Schütteln und Backen

■ Henning Harnisch

Von Dr. Tom Amberry, diesem Wahnsinnigen, der 2.500 Freiwürfe in Folge verwandelte, soll hier nicht die Rede sein. Der gehört ins Guinness-Buch der Rekorde, zu „Wetten, dass?“ und ins Land der Hobbyräume. Stattdessen ist dieser Text all denen gewidmet, die überall auf der Welt mit feuchten Händen an der Freiwurflinie stehen, wenn das Spiel in den letzten Sekunden auf der Kippe steht.

Dieser Text ist für all die, die sich nicht rechtzeitig auf die Bank in Sicherheit gebracht haben, sich nicht freiwillig auswechseln ließen, als das Spiel sich seinem – aus der Zuschauersicht – Höhepunkt näherte, als noch drei Sekunden zu spielen waren, als der Gegner mit einem Punkt hinten lag und als nur ein Foul und zwei Freiwürfe – aus der Sicht des Gegners – dem Spiel eine letzte Wendung hätten geben können.

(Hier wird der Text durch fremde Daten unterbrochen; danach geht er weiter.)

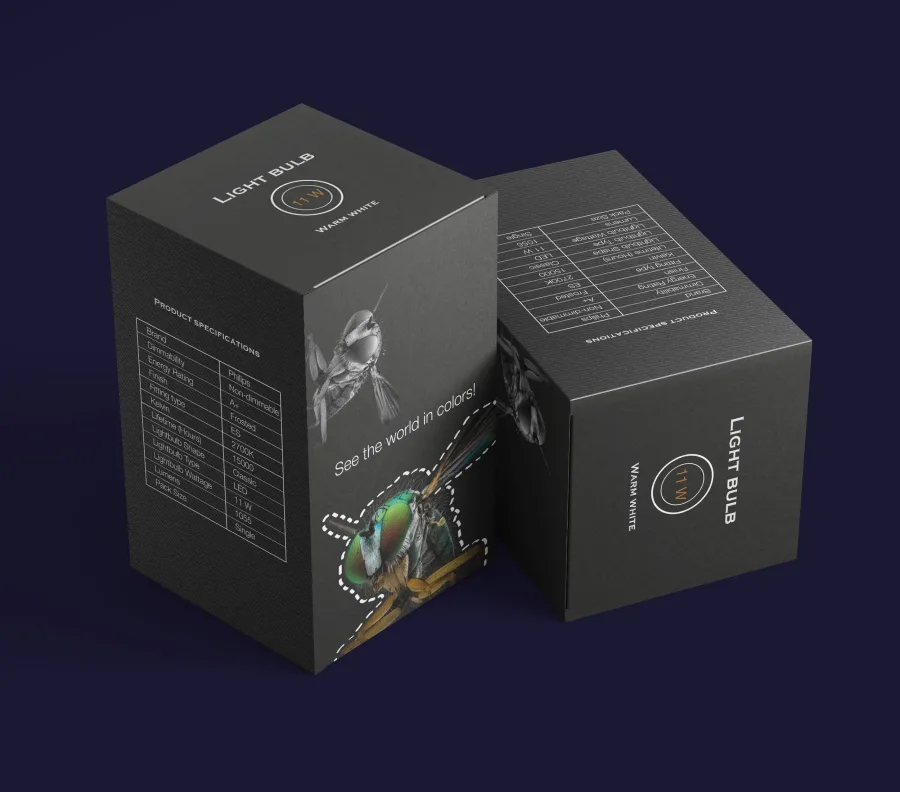 Two black boxes for the 11 W bulb, with the specification table on the side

 „Hier hast du den Ball. Du wirst sowieso nicht treffen, du verdammter Loser!“

Dieser Text ist für die, die wissen, dass der Gegner bewusst genau sie gefoult hat, als der Ball wie eine heiße Kartoffel weitergepasst werden wollte. Ein Gegner, der um ihr voraussichtliches Scheitern wusste. Der, nachdem er sie gefoult hat, schnell eine Auszeit genommen hat, um ihnen Zeit zu lassen, ihre ganze hoffnungslose Situation zu verstehen oder, wie der Amerikaner sagt: sie zu „icen“. Ja, für alle, die vereist werden sollen, für alle, die die aufmunternden Worte und Klapse der Mitspieler während der schrecklich langen Auszeit als hilflose Geste zu deuten wissen, die sich auf dem Weg zur Linie der Schwere ihrer Beine bewusst werden, die sich fragen, ob es damals Robert Scott auf dem Weg zum Südpol ähnlich kalt war, die meinen, beim Schiedsrichter, wenn er den Ball überreicht, einen verschmitzten Gesichtsausdruck zu bemerken, eine Miene, die sich das Lachen nur auf Grund offizieller Funktion verkneifen kann, und die, aber gerade deswegen, sagt: „Hier hast du den Ball. Du wirst sowieso nicht treffen, du verdammter Loser!“

Für all jene, die sich fragen, wie man diesen wahnsinnig kleinen Korb, der so irre weit weg ist, treffen soll, die sämtliche Techniken zur Verinnerlichung der Freiwurfsituation durch haben – zwei Mal dribbeln, Ball aufnehmen, durchatmen, noch einmal dribbeln, Ball zur Brust, Arm strecken, Hand abknicken usw. –, die gehört haben, dass Rick Barry aus der NBA mit äußerst unkonventioneller Technik – den Ball aus Kniehöhe mit beiden Händen gen Korb gezwirbelt – eine satte Prozentzahl von der Linie hatte.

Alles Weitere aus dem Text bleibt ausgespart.